Do You Have to Feel Wrong In Order to Feel Right?

Head bowed, he started crying again. Afraid to reveal too much of himself, he spoke carefully. Listening to him, my heart was breaking along with his already broken one. "I never realized life would be so hard, and I'd be so unhappy," he said. (He wasn't even 20, but he talked as if he were an old man.) During the next several months, my husband and I tried to win his trust. And we knew he wanted to trust us. But he couldn't let go--fear and denial held him back. But they also provided him with a temporary but false sense of relief: Denial assured him that he didn't really have a problem. (He claimed he'd just had "a lot of bad luck" in his life.) I flat out told him that he suffered from compulsion and addiction.

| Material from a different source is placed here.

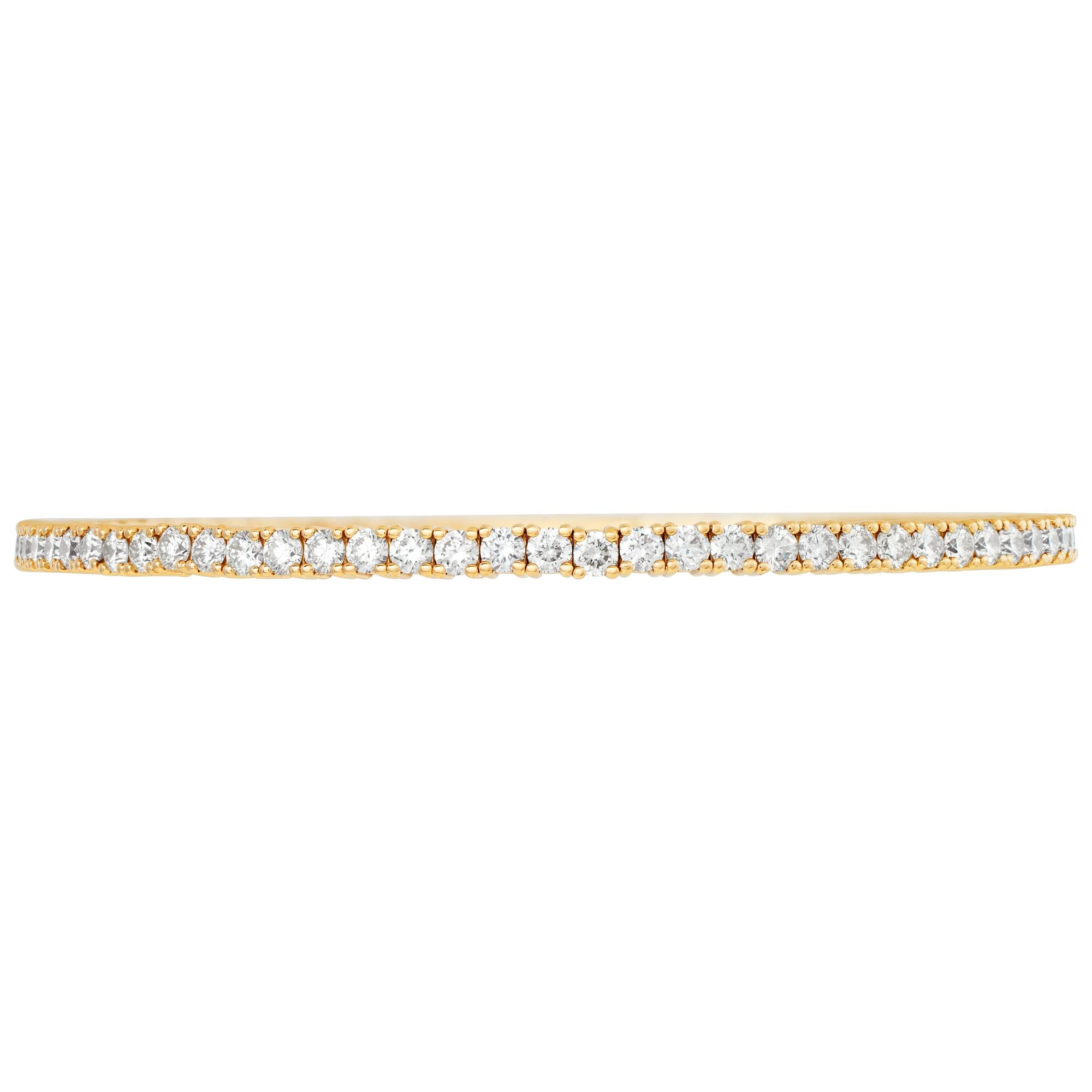 Flexible diamond line bangle bracelet in 14k yellow gold with approximately 3.95 carats in round diamonds (H-I color, SI clarity). 2.4mm width. Size 7.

He didn't believe me--and who could blame him? It takes real guts to admit self-defeating behaviors. Admitting his problem would expose his fear of having to change. Holding on to negative mindsets and behaviors is better than the risk of the unknown. (Or at least that's what we all tell ourselves.) But denial only produces more fear and more self-sabotage. We lost touch with this wonderful young man when he moved out of our ward and out of California. Last I heard, he was still using drugs.

 "First Sorrow," Artist Unknown

I understand his need to dull the anxiety and/or pain. It's easier to simply check out of life then to engage and problem solve. I have never broken the Word of Wisdom, thus I've never fallen prey to tobacco, drug, alcohol, or prescription drug abuse. Nevertheless, I have an addictive mindset. The LDS Twelve Steps program wasn't available 25 years ago, so I read a lot of books, got a Master's degree in Communication Studies, and prayed for understanding and spiritual strength. Consequently, I've overcome (for the most part) addictive and compulsive mindsets that led to my unhealthy behaviors. Namely, I had a real addiction to pleasing others, striving and maintaining a certain image, perfectionistic thinking, conflict avoidance, unnecessary shame, guilt, and fear, an inability to trust my own instincts, and feeling "less than." I've spent the last 25 years searching for and labeling these "emotional knots" and learning how to untie them.  Happily, these burdens began to lift at the very second I began my "knot search." I still struggle with anxiety. Angry people still scare me. I still struggle in setting appropriate boundaries. But I don't have to feel wrong anymore to feel that I'm doing what's right.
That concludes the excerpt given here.